**Assignment**
Output the lines of the entries below beginning at the one with "ベージュ系のブーツ、ブラック" and ending with the last, exactly as written and without pictures.
== Segment start ==
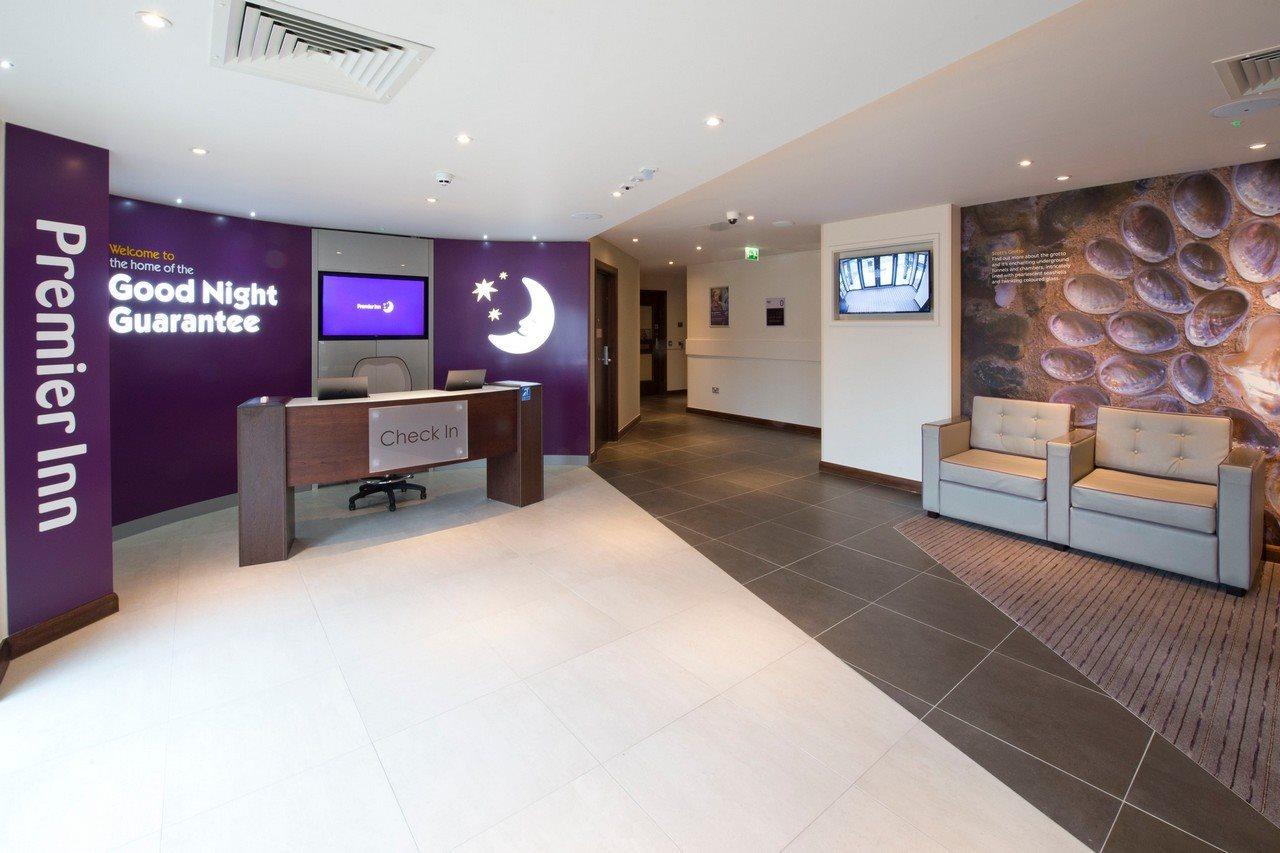 Premier Inn Ware Exterior foto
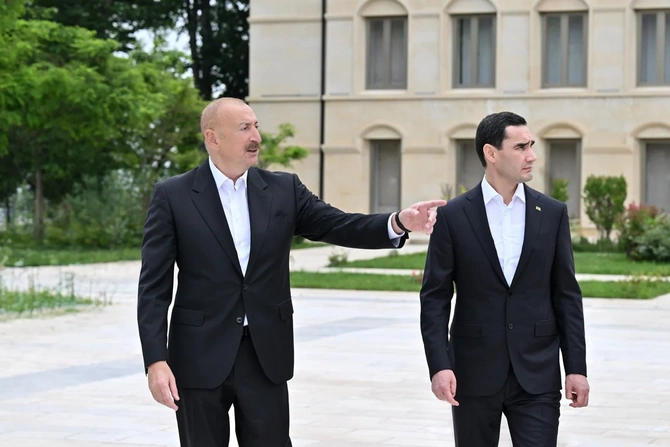İlham Əliyev və Sərdar Berdiməhəmmədov Şuşada tanınmış şəxsiyyətlərin güllələnmiş büstlərinə baxıblar — FOTOLAR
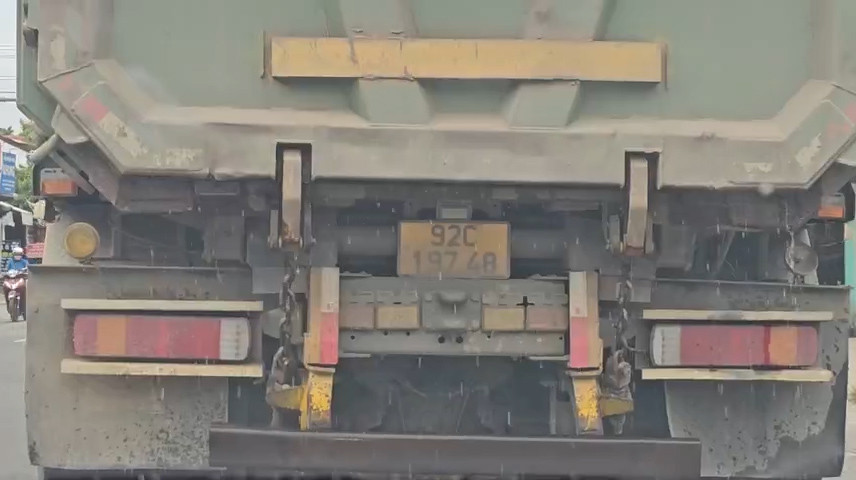 Điều đáng nói, các xe chở cát ướt chảy nước tràn xuống đường này phần lớn chạy qua trạm cảnh sát giao thông cửa ô Hoà Nhơn, nhưng khi phóng viên ghi hình 3 ngày thì không thấy lực lượng CSGT xử lý những xe có dấu hiệu vị phạm.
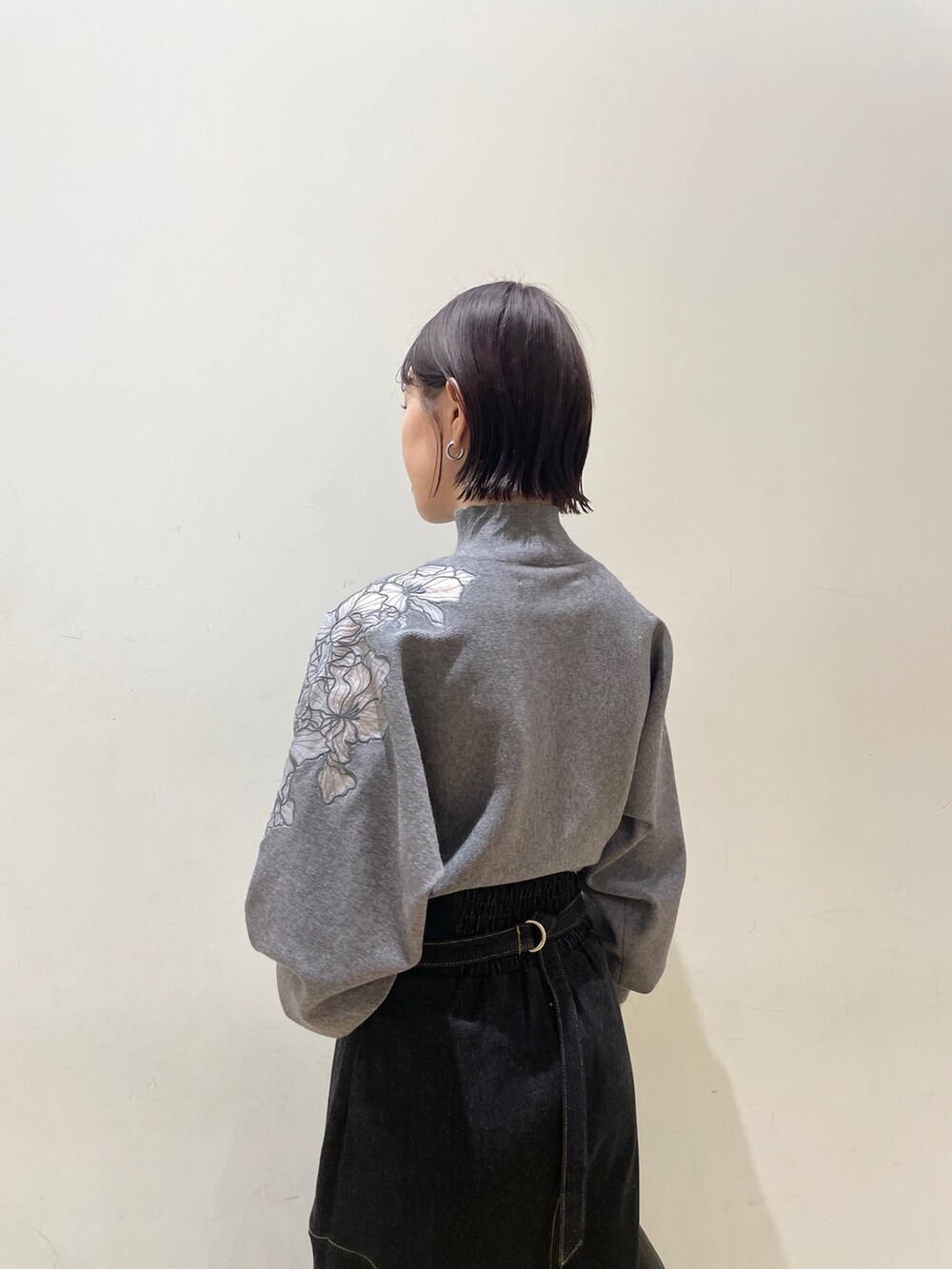 ベージュ系のブーツ、ブラック系のデニムスカート、ブラック系のハンドバッグを着用したレディースの夏コーディネートの8枚目の写真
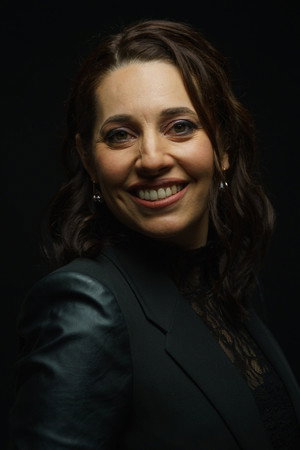 Lucía Salinas in Humo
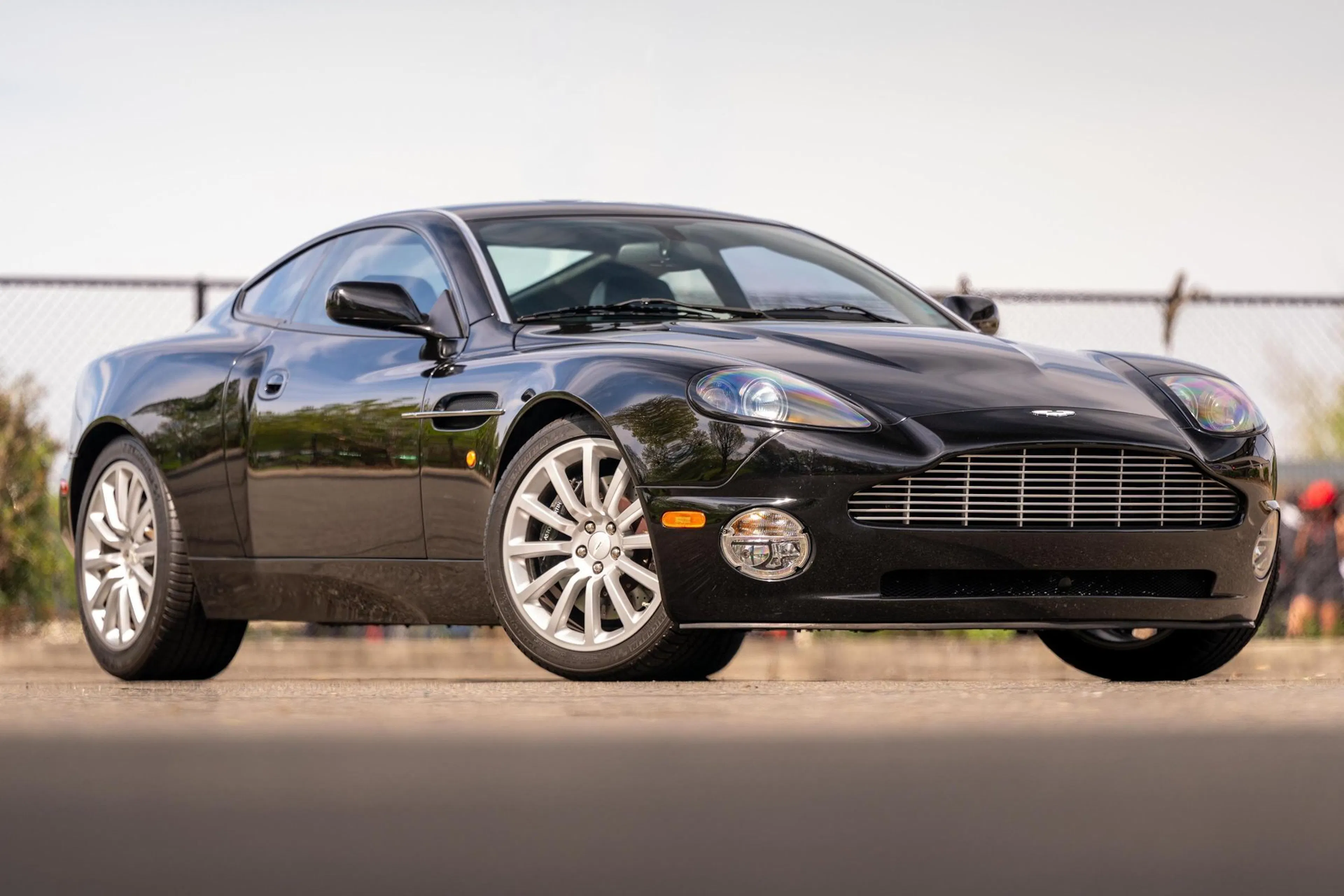 【シークレット】 Aston Martin Vanquish 2003 Aston Martin Vanquish VIN SCFAC23393B500682 | Hagerty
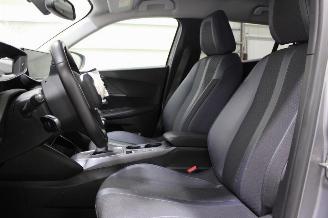 Peugeot 2008  picture 10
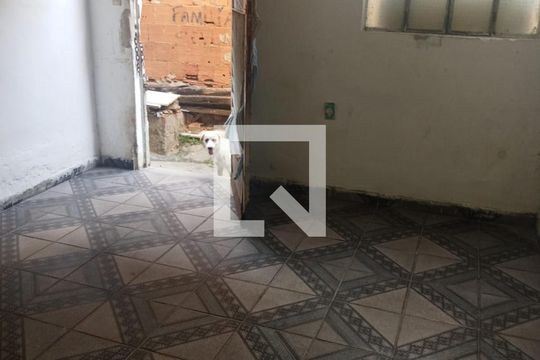 Sala de casa para alugar com 1 quarto, 80m² em Anchieta, Nilópolis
== Segment end ==
**Response to the task**
 ベージュ系のブーツ、ブラック系のデニムスカート、ブラック系のハンドバッグを着用したレディースの夏コーディネートの8枚目の写真
 Lucía Salinas in Humo
 【シークレット】 Aston Martin Vanquish 2003 Aston Martin Vanquish VIN SCFAC23393B500682 | Hagerty
 Peugeot 2008  picture 10
 Sala de casa para alugar com 1 quarto, 80m² em Anchieta, Nilópolis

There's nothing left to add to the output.